Kate (Darby Camp) and Teddy (Judah Lewis), the brother/sister combo from the first are back and are in the tropics with their mother, Claire (Kimberly Williams-Paisley), and her new boyfriend, Bob (Tyrese Gibson), and his young son, Jack (Jahzir Bruno). Kate isn’t happy about her mom’s new man and isn’t happy with the location of their holiday plans and wishes to be rescued.
In the meantime, Belsnickel (Julian Dennison), a former elf turned human, is looking for revenge on Santa for neglecting him. He launches both Kate and Jack into a wormhole, leading them to the North Pole and allowing him to return as well. Now, Santa is reunited with Kate and is aware that his former elf is there to cause trouble.
Mrs. Claus (Goldie Hawn) doesn’t want Jack and Kate to leave, missing having children around, and it’s nice to see Hawn more involved. When all hell breaks loose and Belsnickel turns the elves naughty, it’s up to Jack and Kate to save the day. Santa (Kurt Russell) and Kate are trying to make things right while Jack goes on an adventure to locate an herb to turn the elves back to nice.
What an annoying little shit Jack is. I’m not sure what the point was with this character. I’m guessing that it was put in to appeal to the children, but what made the first so good was how it appealed to all audiences. Jack being a badass as he takes on some sort of huge cat in the woods was annoying, but Jack cannot hold a candle to Belsnickel, the biggest problem in the movie. This conflict sucks and sinks the film before it began.
I feel bad for Kurt Russell in this. You can see how he desperately tried to make this work, but it just wasn’t there. He had his moments where he’s amusing, but it has nothing on the first. As good as Goldie Hawn is, her performance is very dull and forgettable. It’s too bad because she’s a tremendous comedic force when given the right material.
I know Jack is just a kid, but damn, I was hoping the elves would take him down and I didn’t care much for the elves in this either. I know this might get some bad feedback too, but Belsnickel is too fucking fat. I know we are in this period in time where they want to include fatties in substantial roles in films BUT a sloppy fat villain isn’t good. I like an occasional fat villain like Kingpin from Spider-Man, but Belsnickel is terrible and just looked sloppy. I don’t know if there’s a person alive that would be remotely intimidated by him.
THE CHRISTMAS CHRONICLES 2 is pure shit. I’m actually pretty shocked.
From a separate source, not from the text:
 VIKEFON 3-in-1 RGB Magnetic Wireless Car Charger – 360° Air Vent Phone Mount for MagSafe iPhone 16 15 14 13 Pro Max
I loved the first one so much that I’m going to try to forget that this one exists now. Much like CREED, a great movie and CREED II, which was shit, I’m going to pretend that there never was a sequel and that there was only one stand alone film.
This was a rush job without any inspiration. If you loved the first like I did, avoid this one. Just pretend that Netflix actually spent time developing a follow up rather than pushing out this turd for the holiday season. Kurt Russell deserved so much more.